Key words: profitability of biotechnology, recombinant bovine somatotropin.

Recombinant bovine somatotropin, referred to as rbST and commonly called BST, has been commercially available to US dairy producers from the Monsanto Company since February of 1994 under the registered trade name POSILAC. Bovine somatotropin is a hormone produced naturally by the dairy cow that regulates milk production. The genetic material for this compound has been isolated by genetic engineering and produced by recombinant biotechnology. This recombinant-produced bovine somatotropin (rbST) can be injected into the dairy cow to augment her naturally produced levels of this hormone, enhancing milk production but requiring additional feed and other inputs to achieve increased milk production.

RbST was subject to years of investigation and testing before approval for commercial sale in the United States. Given the large per-cow production response that most of these tests reported, rbST was generally projected to be profitable for dairy farmers, with estimates often exceeding $100 per year per cow (Butler, 1992), although some analysts projected little or no profit (Marion & Wills, 1990). Now that rbST has been available and used by farmers, numerous studies have attempted to assess the profitability on dairy farms. Generally, the results of these studies are ambiguous. Most find a positive (but not statistically significant) effect of rbST on farmers' profits.

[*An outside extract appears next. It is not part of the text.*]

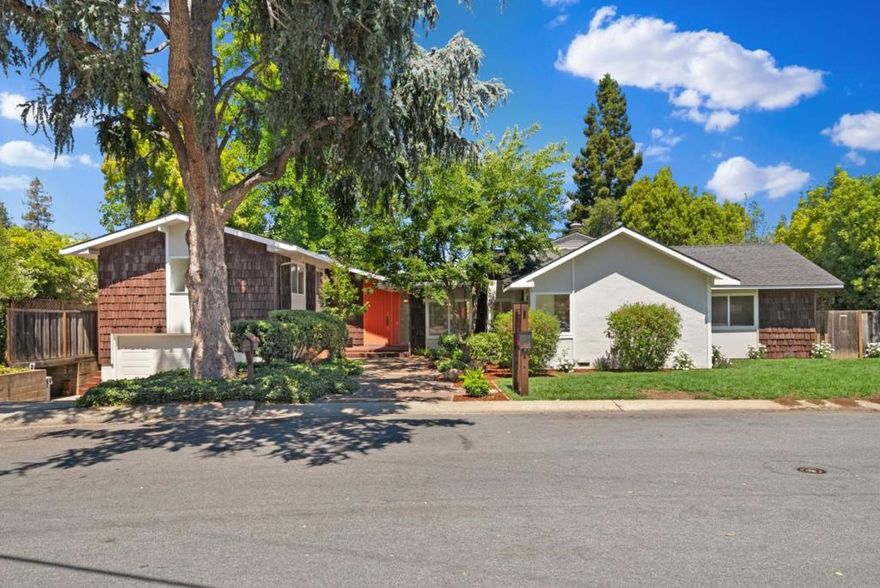 An extraordinary home nestled in the North of Los Altos, this home offers luxury living with its seamless fusion of elegance, meticulous design, and unparalleled accessibility. Perfectly situated for commuters, it caters to discerning buyers who appreciate both sophistication and convenience.This distinguished home boasts two primary suites, generously-sized bedrooms, and a study retreat with a wood-burning fireplace. The grand living room features soaring ceilings, there is a  formal dining room and expansive family room graced with vaulted ceilings and floor-to-ceiling windows that invite an abundance of natural light. The lushly landscaped grounds evoke the ambiance of a private resort, complete with a shimmering pool and spa, a classic diving board. Every day feels like a vacation in this serene oasis. Positioned within one of the Bay Area's most prestigious neighborhoods, this residence offers proximity to renowned top-rated schools and the charm and convenience of downtown Los Altos. For those in pursuit of an extraordinary lifestyle at the epicenter of it all, this home extends an invitation to an unparalleled living experience.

Tauer and Knoblauch (1997) were the first to estimate the impact of rbST on per-cow milk production and return above variable cost. Using data from the same 259 New York producers in 1993 and 1994, they found the use of rbST had a positive and statistically significant impact on the change in average per-cow production between the two years; however, the profit change, although positive and large, was not statistically different from zero. Using one more year of data, Stefanides and Tauer (1999) likewise found a statistically significant positive effect on milk production per cow from the use of rbST and found the impact of rbST on profits was statistically zero, although numerically positive. Tauer (2001b) used this same data source but also included data from 1996 and 1997. Positive profit rbST treatment coefficients were generally estimated, but the standard errors were so large that statistically the profit impact was zero.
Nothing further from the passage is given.